* YOUR TASK:
Should any entry hold a picture, omit that picture and copy the rest of the entry exactly.

[Stored items from a collection]
* * * * * * *

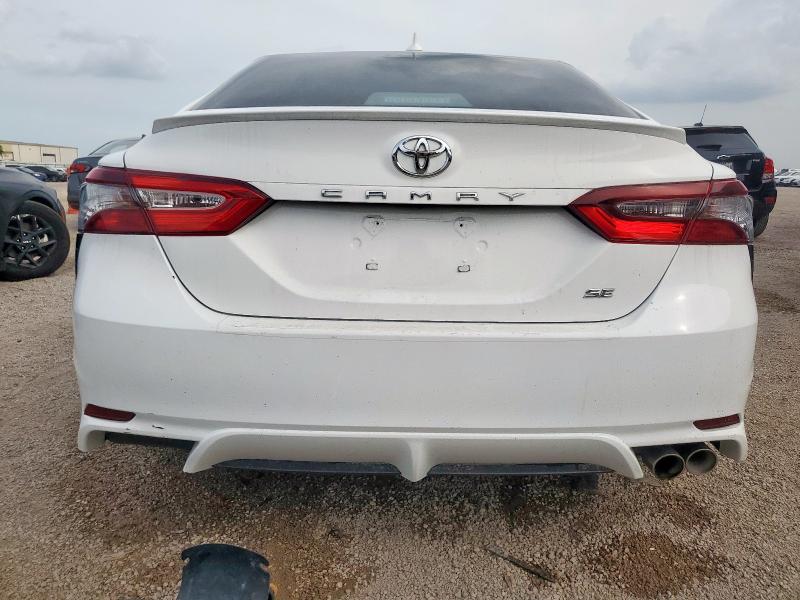 4T1T11AK6RU846084 - 2024 TOYOTA CAMRY SE NIGHT SHADE WHITE photo 6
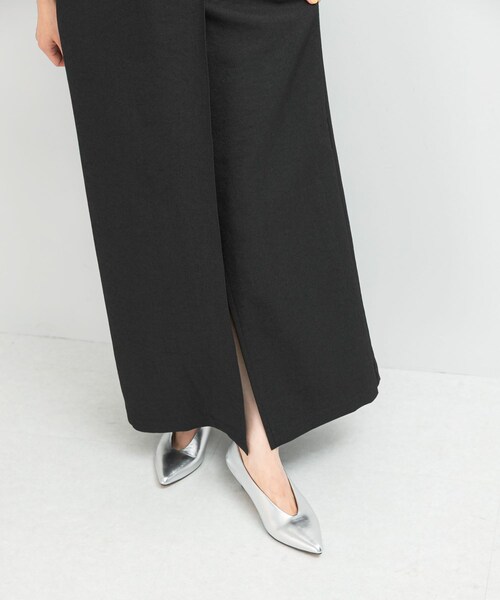 URBAN RESEARCH ROSSO（アーバンリサーチロッソ）の「UVカットストレートタックスカート（スカート・レディース・GREIGE/BLACK・36/38）」の18枚目の写真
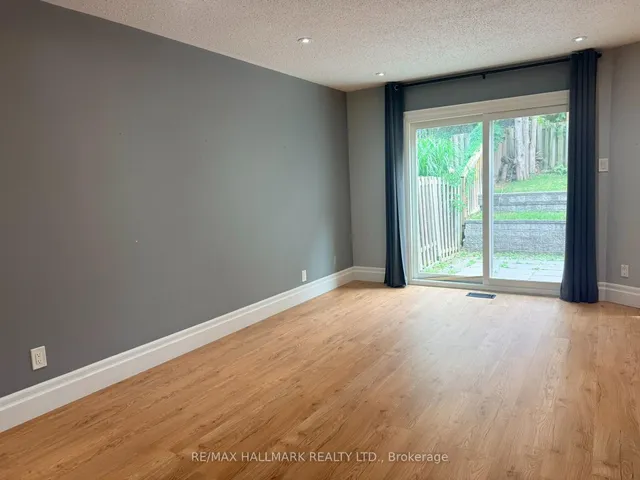 17 Old Wellington St, Markham 4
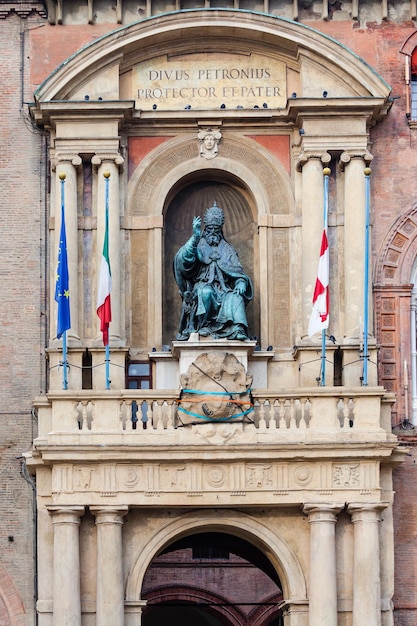 Estátua na fachada do palácio na cidade de Bolonha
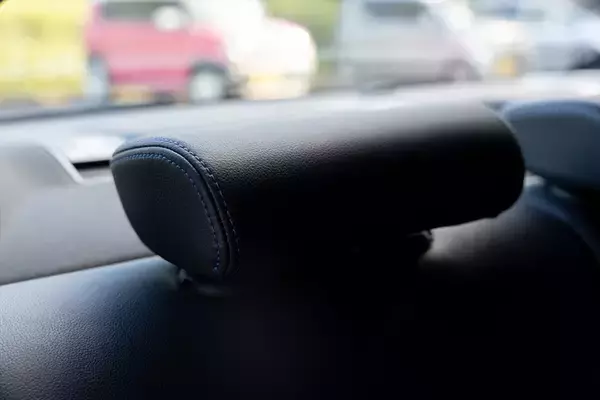 「予算700万円台からの輸入セダン選び。BMW「3シリーズ」がメルセデス「Cクラス」より“運転が楽しい”理由」の画像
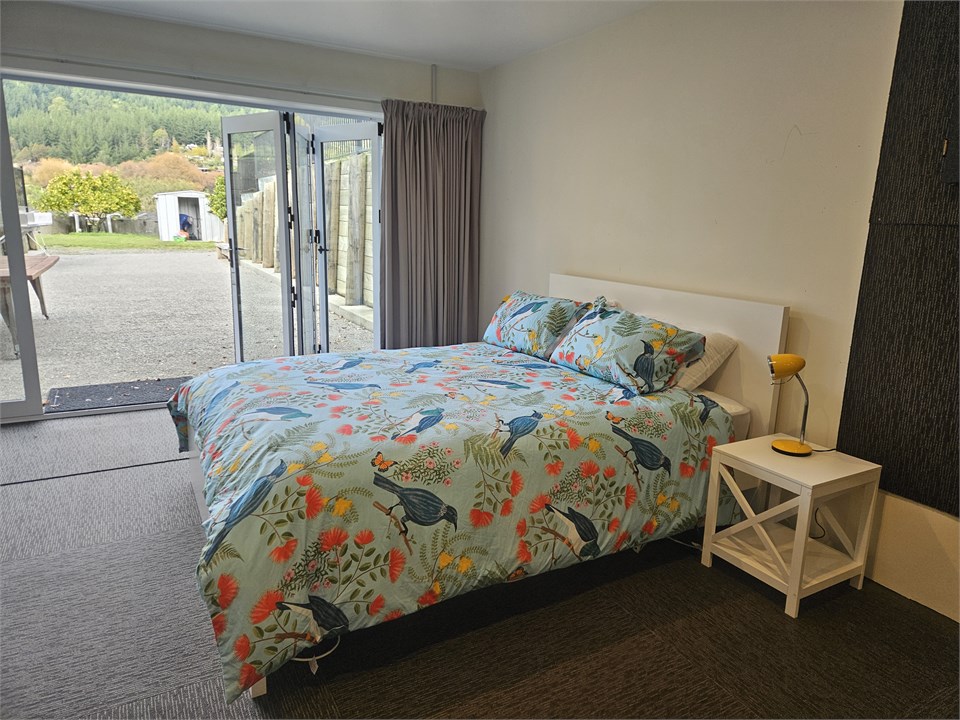 Summer overflow queen, double glazed bifolds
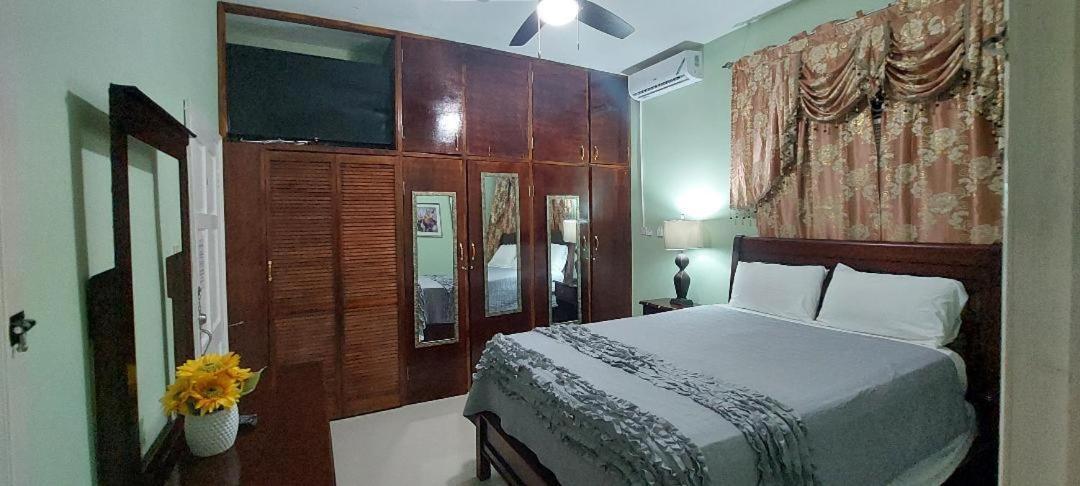 Dela De-rose Jamaica Guest house *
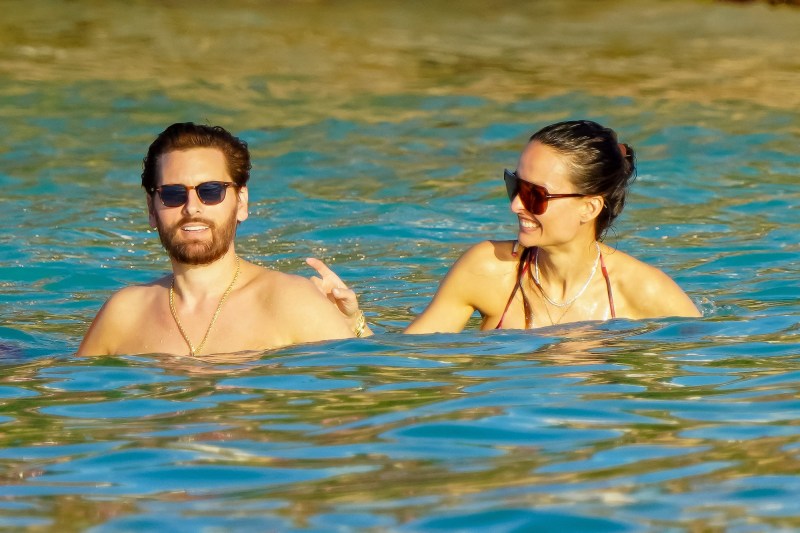 FEATURE Scott Disick and Chloe Bartoli Beach Mini Gallery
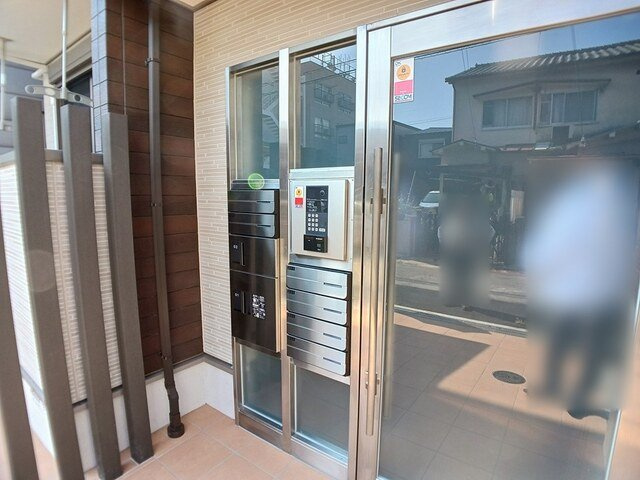 シャインⅡのエントランス|落ち着いたエントランスです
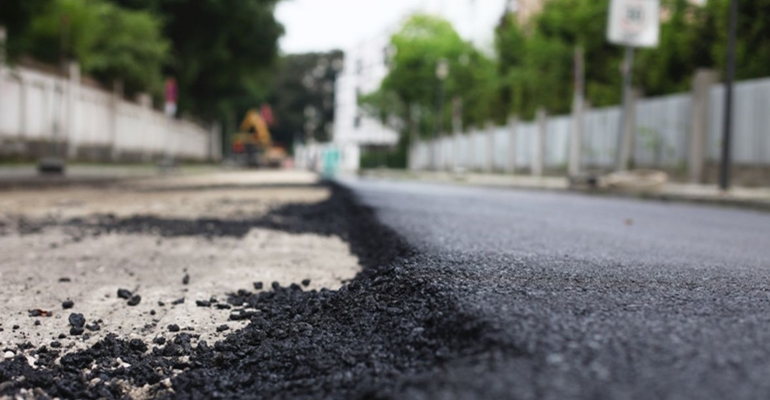 Désamiantage : après l’amiante dans les bâtiments, l’enrobé bitumineux des routes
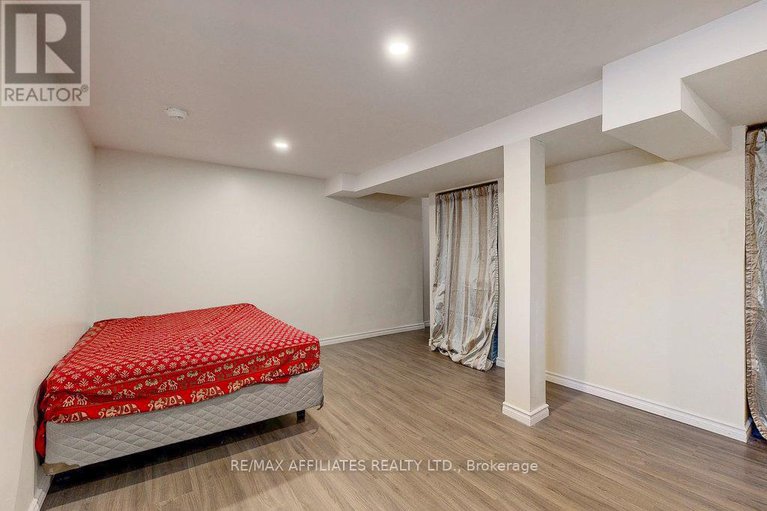 28551721/41-41-bering-court/katimavik/ottawa/ontario/K2L2B8_21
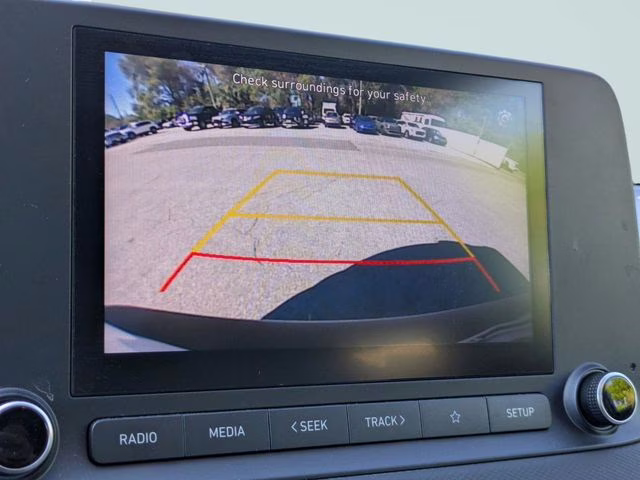 2022 Lunar White Hyundai Kona SEL FWD SUV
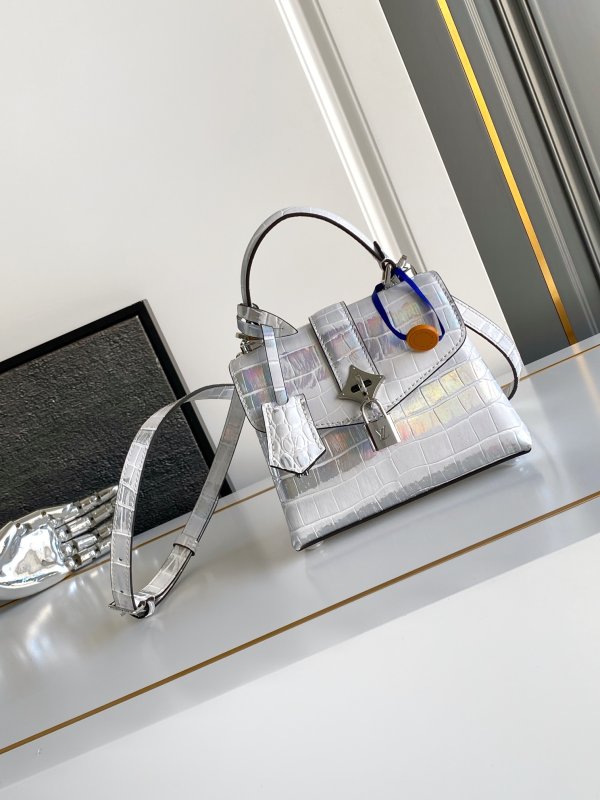 Louis Vuitton / Сумка женская Rose Des Vents Mini 19 см из кожи крокодила в цвете Aurora Silver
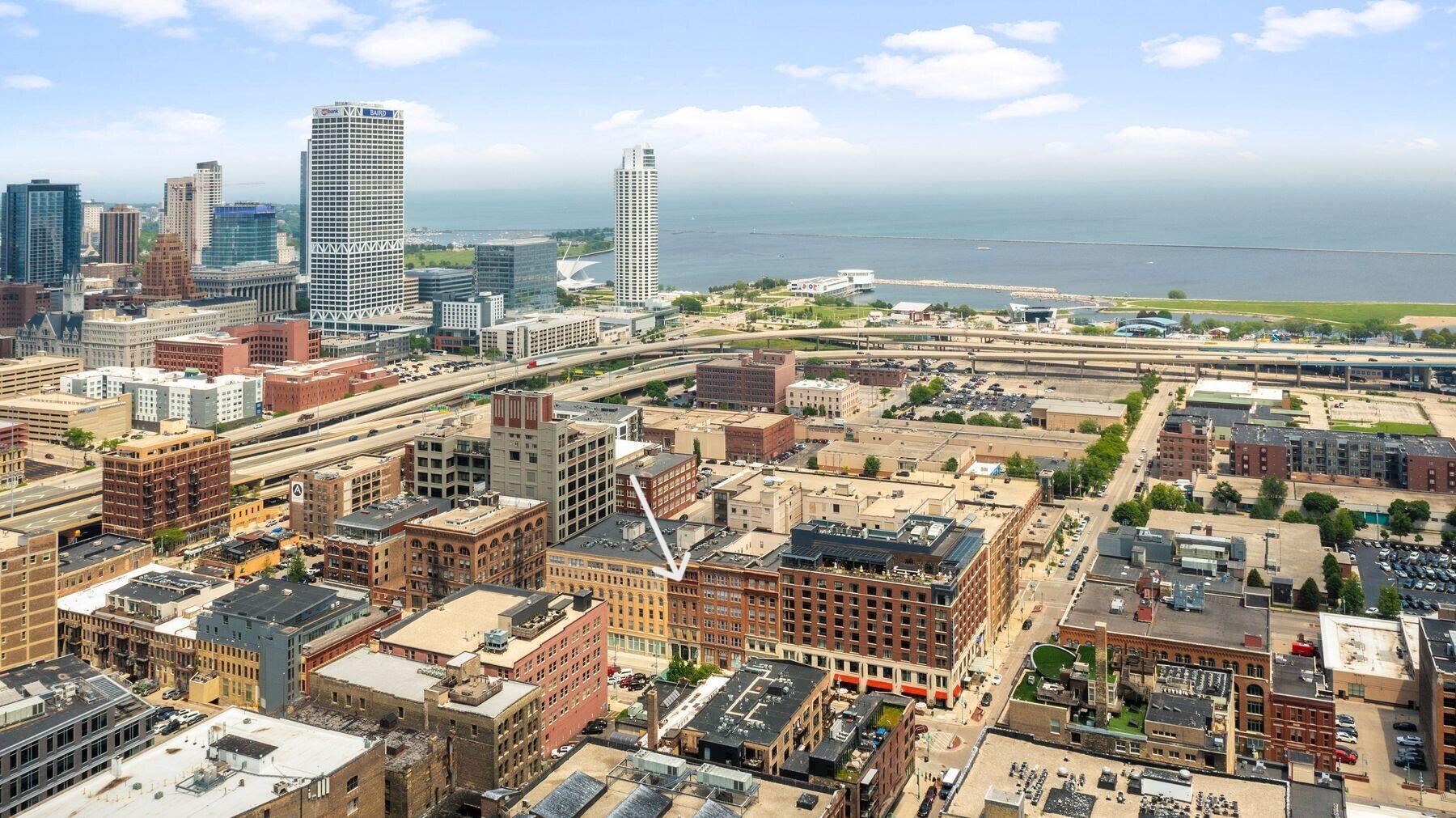 234 N Broadway - Unit: 513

* * * * * * *

* TASK ANSWER:
 4T1T11AK6RU846084 - 2024 TOYOTA CAMRY SE NIGHT SHADE WHITE photo 6
 URBAN RESEARCH ROSSO（アーバンリサーチロッソ）の「UVカットストレートタックスカート（スカート・レディース・GREIGE/BLACK・36/38）」の18枚目の写真
 17 Old Wellington St, Markham 4
 Estátua na fachada do palácio na cidade de Bolonha
 「予算700万円台からの輸入セダン選び。BMW「3シリーズ」がメルセデス「Cクラス」より“運転が楽しい”理由」の画像
 Summer overflow queen, double glazed bifolds
 Dela De-rose Jamaica Guest house *
 FEATURE Scott Disick and Chloe Bartoli Beach Mini Gallery
 シャインⅡのエントランス|落ち着いたエントランスです
 Désamiantage : après l’amiante dans les bâtiments, l’enrobé bitumineux des routes
 28551721/41-41-bering-court/katimavik/ottawa/ontario/K2L2B8_21
 2022 Lunar White Hyundai Kona SEL FWD SUV
 Louis Vuitton / Сумка женская Rose Des Vents Mini 19 см из кожи крокодила в цвете Aurora Silver
 234 N Broadway - Unit: 513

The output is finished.